About this exercise:
Everything from the line containing "Part of the yard" through the end of the data below should be copied exactly, with no other lines.

Dataset section:
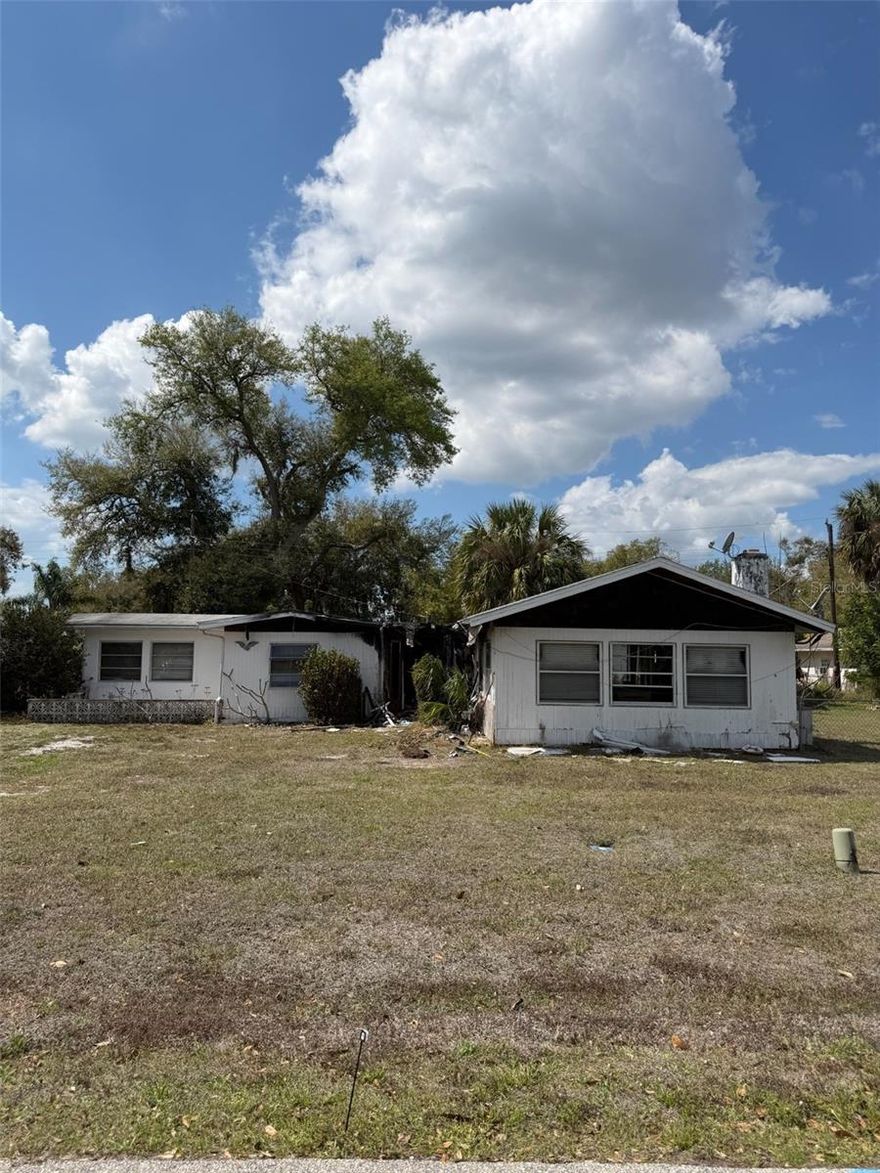 Investor Special! Cash-only opportunity on over half an acre in Punta Gorda with no HOA or CDD and located in an X flood zone (no flood insurance required). This 3-bedroom, 1-bath home has fire damage (Only part of the home, rest is smoke damage) and is ready for renovation, offering incredible potential for investors, flippers, or buyers looking to rebuild and create their own space.
Part of the yard is already fenced in, and the large lot provides flexibility for future improvements.

Conveniently located just a short drive to historic downtown Punta Gorda, where you’ll find waterfront parks, popular restaurants, shopping, and year-round entertainment. Enjoy easy access to beautiful Gulf beaches, boating, fishing, golf courses, and the Punta Gorda Airport, making this location ideal for both full-time residents and seasonal visitors.

Bring your vision and take advantage of this unique opportunity to create your ideal property in Punta Gorda!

Reply to the task:
Part of the yard is already fenced in, and the large lot provides flexibility for future improvements.

Conveniently located just a short drive to historic downtown Punta Gorda, where you’ll find waterfront parks, popular restaurants, shopping, and year-round entertainment. Enjoy easy access to beautiful Gulf beaches, boating, fishing, golf courses, and the Punta Gorda Airport, making this location ideal for both full-time residents and seasonal visitors.

Bring your vision and take advantage of this unique opportunity to create your ideal property in Punta Gorda!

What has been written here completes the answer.